AllenInstitute / datacube

Other
0 stars 1 forks source link

configure websocket client autoping to serve as tcp keep alive #89

Closed chrisbarber closed 6 years ago

chrisbarber commented 6 years ago

LTMs kill idle TCP sessions at 5min, which is a sensible configuration. WAMP auto ping is an obvious way to keep live sessions from appearing idle. Also, timeouts should probably be in place so that the crossbar router is not relying on the LTM for preventing a buildup of stale connections.

https://github.com/AllenInstitute/datacube/blob/dev/.crossbar/config-prod.json#L80-L81

Note that conn_bridge uses the anonymous/public /ws transport, so it will be subject to this configuration as well. The timeout should probably just be set high enough that even if conn_bridge is under load it won't have a problem responding in time. If this configuration is not suitable for conn_bridge at any point, it could be moved to using the authenticated transport (/auth_ws).

This might be a good opportunity to review the auto ping configuration on the service (/auth_ws) side as well. This behavior was disabled when it was found during extreme load testing that it could be difficult for the services to respond in time, and we would prefer an eventual response during a high-load scenario than for the service to be disconnected. Stale connections (arising from services going down multiple times without being able to cleanly close their connection) might still be a concern, in which case a large timeout may be most appropriate, rather than leaving the feature totally disabled.

https://github.com/AllenInstitute/datacube/blob/dev/.crossbar/config-prod.json#L112-L113

Once this is reenabled on the client side, a test can be performed with an LTM in-the-loop to verify that the pings are enough to prevent the TCP sessions from appearing idle and being disconnected.

chrisbarber commented 6 years ago

Autobahn just keeps one pending ping at a time:

https://github.com/crossbario/autobahn-python/blob/7f0d1a5e678870f239e0364cd30e8e7afbabbd12/autobahn/websocket/protocol.py#L1713-L1732

https://github.com/crossbario/autobahn-python/blob/7f0d1a5e678870f239e0364cd30e8e7afbabbd12/autobahn/websocket/protocol.py#L1858-L1876

So for example, an interval of 1s and timeout of 5s could mean 6s of idle, until finally receiving a pong or dropping the connection.

Even with autoPingTimeout disabled, autobahn will not send the next ping until a pong is received, so a disconnected client will still cause the session to become idle.
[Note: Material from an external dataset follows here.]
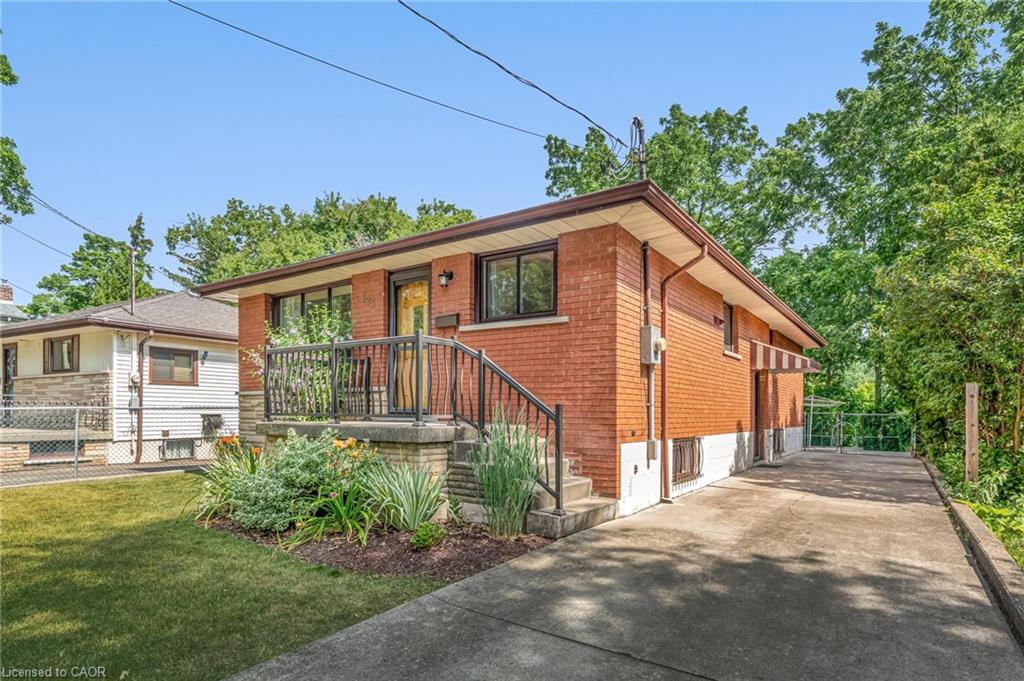 323 Hixon Rd, Hamilton, ON L8K 2C8
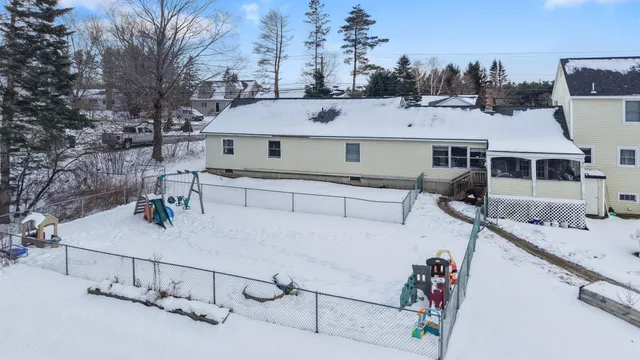 $845,000 | 913 Essex Street, Bangor, ME 04401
chrisbarber commented 6 years ago

Regarding stale connections building up on the crossbar router, websocket-level timeouts are not necessary as we can just rely on TCP timeout (typically 2 hours on Linux). The only reason for configuring autoPingTimeout therefore is to get quicker notification of a lost connection, which currently we don't actively have any handling for nor are there expected use-cases to my knowledge. See here.

In general, we are not going to be able to preserve the connection for very long if the client becomes disconnected for a period of time. The correct thing to do is for the endpoints to reconnect gracefully.